Allah bizi mallarımız, canlarımız, sevdiklerimizle, bizi kimi zaman artırarak, kimi zaman eksilterek imtihan edecektir. Bu bir ikaz da olabilir, bir imtihan gereği de. Aday sorunu da vardı, başka sebebler de. Elbette her olan şey bir takım sebebler vardır. O sebeblerden bir takım kişilerin sorumlulukları vardır, elbette.
AK Parti içindeki zaafları eleştirmek harammış gibi davranılıyor, neden? Halbuki davaya dost olanın tavrı bu diye düşünüyor musunuz?
Eleştiri konusunda insanlar isteksiz. Oysa bizde ‘Dost acı söyler’ diye bir söz vardır. Yapıcı bir eleştiri, sıradan bir övgüden daha değerlidir. Bazıları kraldan fazla kralcı. Ben birilerinin tevazuu bir başkasının kibrine vesile olmamalıdır diye düşünürüm.
AK Parti Sözcüsü Ömer Çelik ‘İsrail’le ve halkıyla dostuz’ dedi, gerçekten öyle miyiz?

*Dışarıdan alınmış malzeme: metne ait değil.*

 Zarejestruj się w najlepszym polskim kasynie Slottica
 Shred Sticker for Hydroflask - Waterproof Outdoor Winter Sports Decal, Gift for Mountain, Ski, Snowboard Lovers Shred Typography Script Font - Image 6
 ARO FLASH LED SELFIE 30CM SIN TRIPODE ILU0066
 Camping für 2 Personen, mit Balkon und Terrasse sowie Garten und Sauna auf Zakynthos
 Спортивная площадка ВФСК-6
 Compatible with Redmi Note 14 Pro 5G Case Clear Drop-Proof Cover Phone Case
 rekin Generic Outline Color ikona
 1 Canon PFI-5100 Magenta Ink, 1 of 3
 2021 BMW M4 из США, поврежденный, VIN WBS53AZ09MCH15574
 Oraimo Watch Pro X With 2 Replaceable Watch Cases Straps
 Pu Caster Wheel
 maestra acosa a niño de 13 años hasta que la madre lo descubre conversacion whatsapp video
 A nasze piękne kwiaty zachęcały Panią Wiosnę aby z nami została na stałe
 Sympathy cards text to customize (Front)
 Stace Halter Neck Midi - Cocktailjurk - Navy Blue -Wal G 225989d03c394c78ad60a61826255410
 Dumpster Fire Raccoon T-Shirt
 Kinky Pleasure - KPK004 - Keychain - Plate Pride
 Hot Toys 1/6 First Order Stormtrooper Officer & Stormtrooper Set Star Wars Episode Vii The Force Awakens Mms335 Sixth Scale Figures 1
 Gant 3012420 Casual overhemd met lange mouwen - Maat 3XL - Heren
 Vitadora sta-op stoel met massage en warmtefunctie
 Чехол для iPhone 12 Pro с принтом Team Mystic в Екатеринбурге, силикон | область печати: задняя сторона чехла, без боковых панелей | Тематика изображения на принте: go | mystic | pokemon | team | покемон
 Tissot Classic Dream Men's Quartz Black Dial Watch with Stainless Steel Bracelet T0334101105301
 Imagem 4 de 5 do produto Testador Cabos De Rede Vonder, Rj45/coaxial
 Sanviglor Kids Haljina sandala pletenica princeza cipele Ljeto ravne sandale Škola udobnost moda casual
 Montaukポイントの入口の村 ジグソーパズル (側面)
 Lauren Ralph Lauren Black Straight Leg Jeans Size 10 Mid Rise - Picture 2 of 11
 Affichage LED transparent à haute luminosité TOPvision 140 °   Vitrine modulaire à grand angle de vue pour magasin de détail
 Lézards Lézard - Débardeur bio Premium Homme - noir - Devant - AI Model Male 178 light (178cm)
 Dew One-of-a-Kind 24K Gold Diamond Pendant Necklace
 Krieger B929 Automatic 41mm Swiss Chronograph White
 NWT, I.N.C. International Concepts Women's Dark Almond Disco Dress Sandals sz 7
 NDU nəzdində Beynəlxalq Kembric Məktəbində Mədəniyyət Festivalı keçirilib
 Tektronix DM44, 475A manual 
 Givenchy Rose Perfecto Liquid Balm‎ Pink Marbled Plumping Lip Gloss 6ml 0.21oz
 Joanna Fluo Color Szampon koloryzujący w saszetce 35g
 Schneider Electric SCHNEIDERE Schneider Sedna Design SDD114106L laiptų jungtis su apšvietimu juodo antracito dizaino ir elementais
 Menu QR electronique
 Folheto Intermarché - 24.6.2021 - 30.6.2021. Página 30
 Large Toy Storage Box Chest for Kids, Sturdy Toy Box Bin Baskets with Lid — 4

Maksadını aşan bir ifade... İsrail’de Gazze bombalamasına katılmamak için istifa eden pilotlar da vardı. Mavi Marmara’ya binen de. İsrail’de Siyonist terörden şikayet eden insanlar da var. Hz. Musa, Hz. Harun Firavunun sarayında büyümüştü, öte yandan Hz. Nuh’un oğlu gemiye binmemişti. Kaldı ki, Müslüman olmasa da bütün mazlumlar ümmetin koruması altında olmalı. Ama İsrail’i bir bütün olarak aklama anlamına gelen bir ifade doğru değil. Politikacılar, ne dedikleri kadar sözlerinin nasıl anlaşıldığını, ya da nasıl kullanılacağını da hesaba katmak zorunda.
Tayyip Erdoğan’la basket maçını mı yoksa bilek güreşini mi tercih ederdiniz?
Musafaha etmeyi. El ele tutuşup Peygamber’e salavat getirmeyi. Mesela birlikte tavaf yapmayı.